Sadly, many in our own ranks aren’t too idealistically different from this gunman. And, though he may have been a “lone wolf,” this kind of hate does not develop in a vacuum. It is nurtured. It is facilitated. It is given permission to thrive and grow. It is provided with a safe space. Church, for whom/what will we provide sanctuary? I believe God is calling us to make that decision today.
Much more could be said about the theology / ideology / mindset that is here on display. For now, it is sufficient to convey that this person who accuses Christians of being “inefficient” mass murderers was overwhelmingly elected by our GA into the highest position in the PCUSA.
The other co-moderator is the Chicago Presbytery’s own Rev. Jan Edmonton, who’s Presbytery concurred with the Overture “On the Admission of, and Apology for, Harms Done to the LGBTQ/Q Members of the PC(USA), Family and Friends—From the Presbytery of New York City”.
This Overture demanded an apology by PCUSA Christians who object to same-gender marriage and/or gay ordination just a few years after the GA had promised respect for opposing views. It was too extreme for even for the GA’s Advisory Committee on Social Witness Policy (ACSWP), who proposed a softened version (although other GA committees strongly supported the Presbytery of New York City Overture, emphasis added).
At the same time, despite rapid recent gains in social acceptance for marriage equality in U.S. society at large, the Presbyterian Church (U.S.A.) has pledged to remain a place where conscientious individual views on both ordination and marriage will continue to be respected. In the larger world, we are well aware that Christians hold a range of views about sexuality, celibacy, reproductive rights, freedom of religious expression, and human rights generally.
But lest you place your hope for honorable treatment in the ACSWP, note hat they are simply asking for a “decent interval” between the making and breaking of the PCUSA’s promise. Note that “11-05” refers to the original Overture (emphasis added).
The proponents of Item 11-05 are deeply right to lift up the forty-year journey taken by our church on matters of sexual orientation. While the Advisory Committee on Social Witness Policy believes it is not time for an apology such as the one proposed…
In fact, the ACSWP doesn’t even fundamentally disagree with the Rev. Denise Anderson’s views.

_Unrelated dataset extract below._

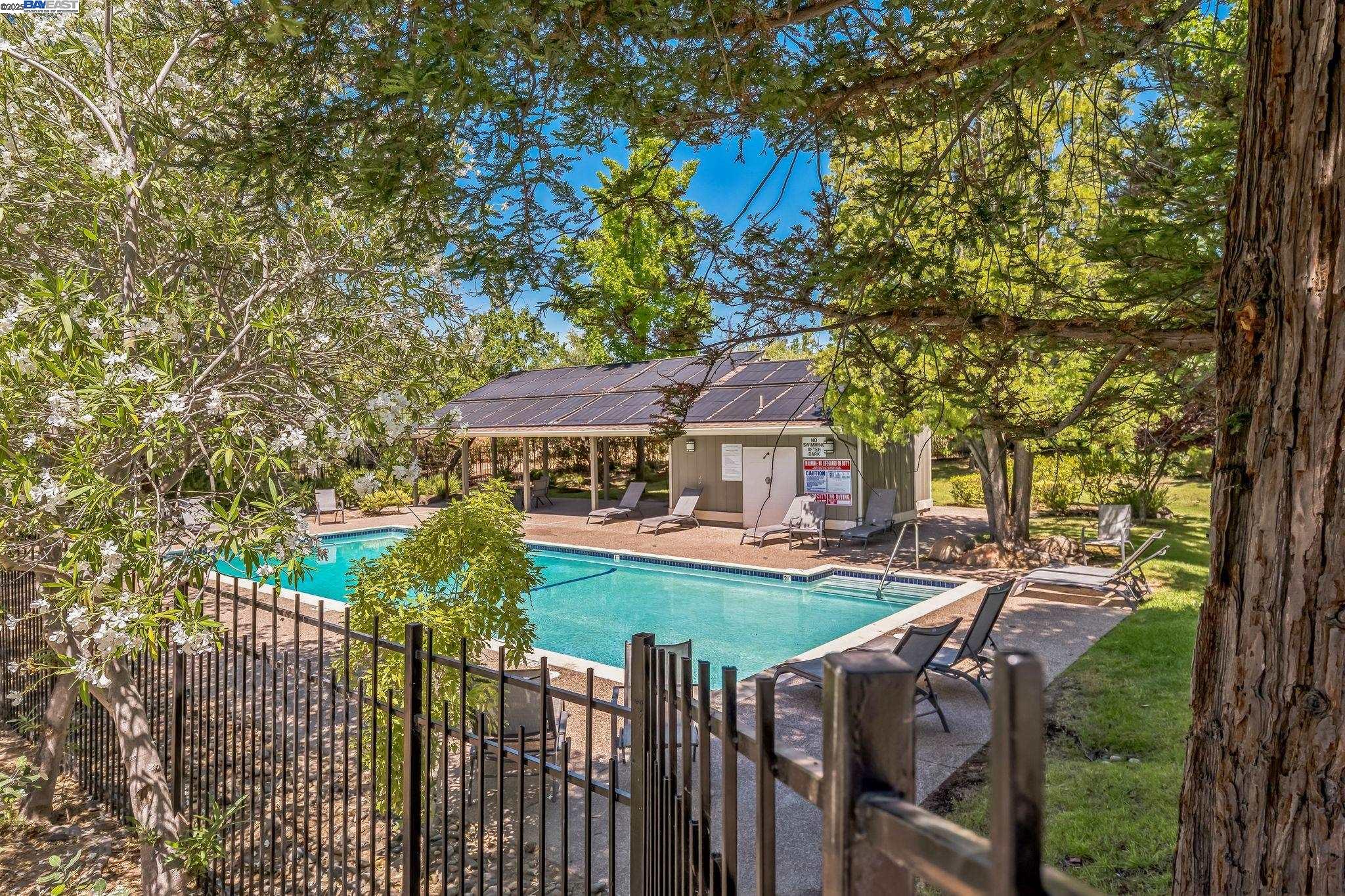 Detail Gallery Image 37 of 41 For 318 Mercury Way, Pleasant Hill,  CA 94523 - 3 Beds | 2/1 Baths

We are part of a society in which discrimination and even violence toward LGBTQ persons still occur and with which our faith community is sometimes complicit.

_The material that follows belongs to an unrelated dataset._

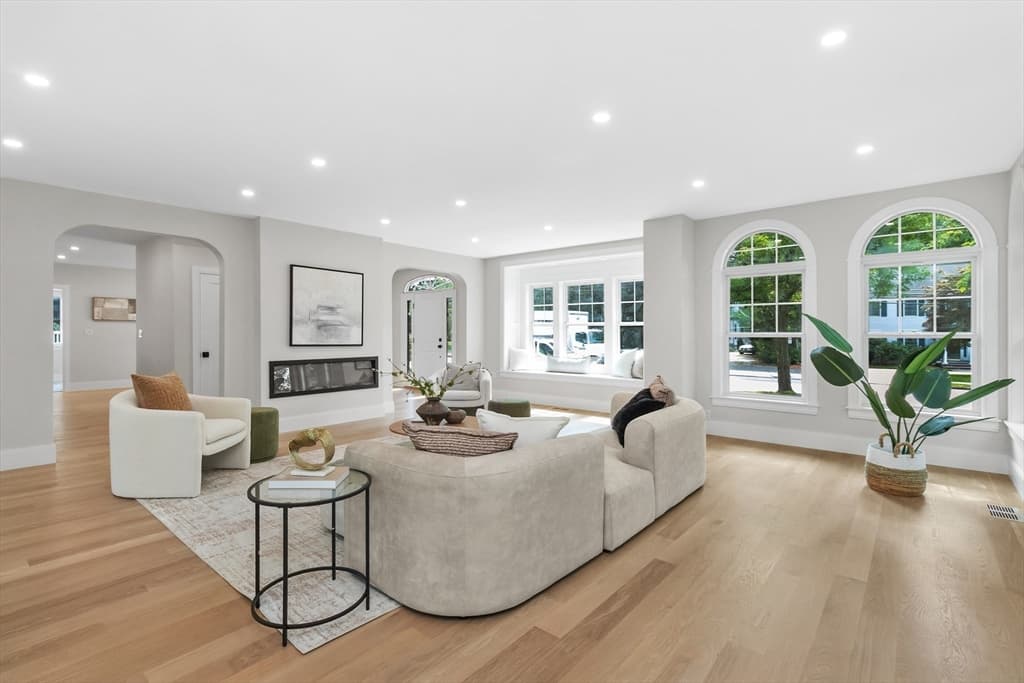 Single Family Residence at 315 Crafts St, Newton MA 02460, Newton, photo 6 of 33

We have been pretending for far too long that our local church’s Christian witness can be conducted independently from the PCUSA at the Presbytery, Synod and GA levels. The election of these individuals as co-moderators makes it absolutely clear what direction the denominational elites plan to take us. That is, the strategic and daily decisions that set the direction for our denomination will be made by two individuals who have openly stated their disgust for and contempt of non-progressive (or even not sufficiently progressive) Christians.
Will a person who claims no difference between Christians who oppose same-gender marriage and Islamic mass murderers work to heal the wounds of a divided denomination? Will a person who has attempted to force remaining Bible trusting PCUSA members into apologizing for their position respect their consciences? The questions answer themselves.
I’m sorry to say that there’s more to report, but I’ll give you time to deal with this installment.